Tothi Cardoso, produtor do filme, junto com Suelen Corsino: Cerca de 20 dias antes da data prevista pra gravação, a produção protocolou um ofício no órgão responsável pela administração do patrimônio memorial e cultural da cidade, informando sobre a gravação no local. Com a liberação, não rolou nenhuma complicação para realização das cenas. Contamos com o apoio da Guarda Municipal de Goiânia, que bloqueou as vias próximas aos locais de gravação e garantiu a segurança da equipe no local.
- Qual foi a maior dificuldade na produção desse curta?
Luciano: Com certeza foi o trampo de arte. A Gabriela Richter Lamas, a Ana Simiema, a Wilma Morais, o Mikael Siqueirae o Kaco Olímpio foram muito heróis de levantar esse filme na estrutura e no orçamento que a gente tinha. E o Rodrigo Cunha, o ator, também, de aturar todos os dias a produção e desprodução do monstro, que levava horas.
Fabrício: A arte, com certeza. Sempre tivemos na cabeça que, em algum ponto, iríamos mostrar o lobisomem inteiro. Haveriam os truques de montagem, de filmar de uma forma distante, nebulosa, escondida, rápida, para não revelar tanto. Mas havia um interesse de que ele aparecesse por inteiro, também. O trabalho do pessoal da arte, realmente, foi muito bom e muito importante, eles eram cruciais.
- Há um distanciamento enorme entre "Guará" e "Leblon Marista" - outro filme da dupla Cordeiro/Evangelista - em questão de proposta, roteiro, estilo e tudo mais. Qual deles é mais a praia dos diretores?
Luciano: Eu gosto muito de horror e de documentário. Isso do gênero não influencia muito na hora de criar. Cada ideia é uma ideia.
Fabrício: Eu acho que, assim como Luciano, não tenho nenhuma resistência a nenhum dos dois. Mas acho que seria mais a minha praia algo vinculado ao que é o Guará. Gosto muito de filme de horror, de ficção científica. Mas não gosto de pensar que se tem que fazer um tipo de filme, o cinema pode ser interessante de várias maneiras.

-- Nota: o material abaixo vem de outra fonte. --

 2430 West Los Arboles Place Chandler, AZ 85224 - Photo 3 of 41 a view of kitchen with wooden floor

Pensando na distinção entre os dois filmes: o Leblon Marista é um filme sobre uma ideia de um edifício, um empreendimento imobiliário. É um filme interessante, mas não sei se é o tipo de tema ainda me moveria hoje. Embora eu ache Leblon Marista um filme interessante, que fizemos com a ideia e o material. Ele foi feito pouco tempo que fizemos uma oficina de documentário com o Marcelo Pedroso e surgiu a notícia desse lançamento do prédio e aí resolvemos fazer. Tinha um eco de umas ideias que surgiram naquele momento.

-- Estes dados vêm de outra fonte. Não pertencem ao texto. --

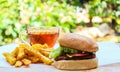 Close up homemade beef burger with mushrooms, micro greens, red onion, beet sauce on wooden board. Royalty Free Stock Photo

- Existem planos futuros na agenda da dupla? Continuar no Cinema Trash está entre eles?
Luciano: Não temos encaminhado nenhum projeto juntos. Eu tenho dois projetos de curta-metragens que não são propriamente horror mas têm uns pontos fantásticos. Mas ainda estão em fase de edital, tudo muito inicial.
Fabrício: Planos concretos, não. Acredito que o vínculo do horror e do trash, possivelmente. Essa coisa do nosso trabalho, de fazer filmes juntos, surge a partir de alguma ideia de fazer juntos. Não é necessariamente uma obrigação de trabalharmos juntos. Me interessa trabalhar próximo de gente que eu já conheço, que já são amigos. Mas mesmo que eu faça filmes sem, necessariamente, dirigir ou roteirizar com o Luciano, ele sempre será minha primeira opção como montador.